Take the line containing "5 M&M’s World" through the last line of the data and retype those lines exactly. Pictures do not belong in the copy.

DATA PROVIDED »
▽

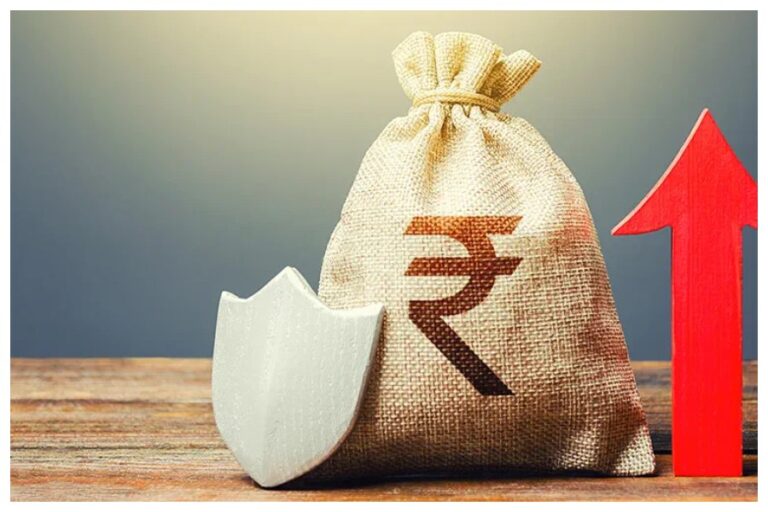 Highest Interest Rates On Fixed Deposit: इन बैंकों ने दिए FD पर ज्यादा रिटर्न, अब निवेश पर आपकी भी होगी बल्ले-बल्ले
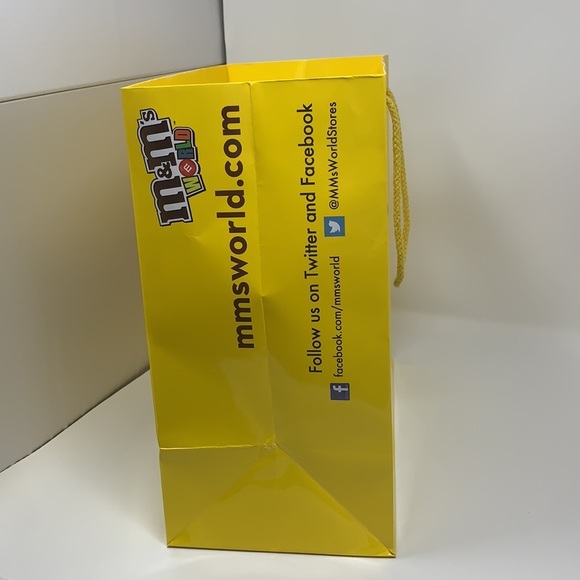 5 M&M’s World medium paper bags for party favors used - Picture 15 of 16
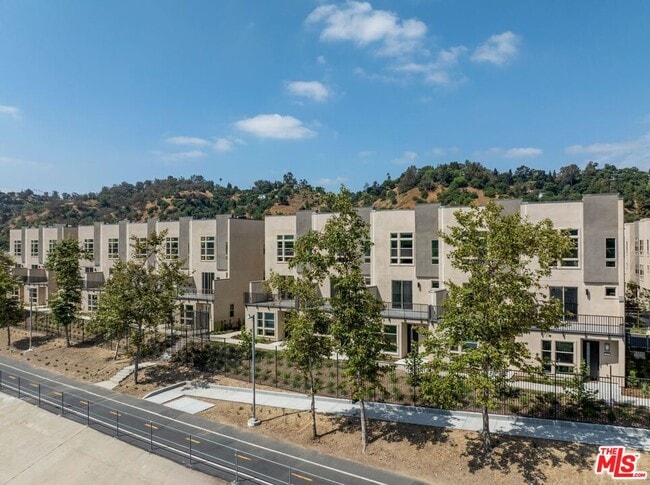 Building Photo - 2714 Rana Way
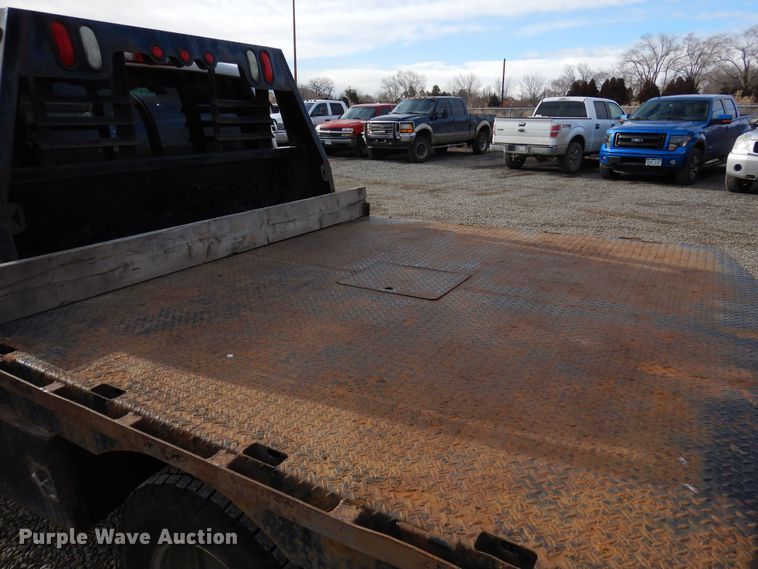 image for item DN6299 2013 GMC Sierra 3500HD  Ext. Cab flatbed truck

△

EXERCISE OUTPUT »
 5 M&M’s World medium paper bags for party favors used - Picture 15 of 16
 Building Photo - 2714 Rana Way
 image for item DN6299 2013 GMC Sierra 3500HD  Ext. Cab flatbed truck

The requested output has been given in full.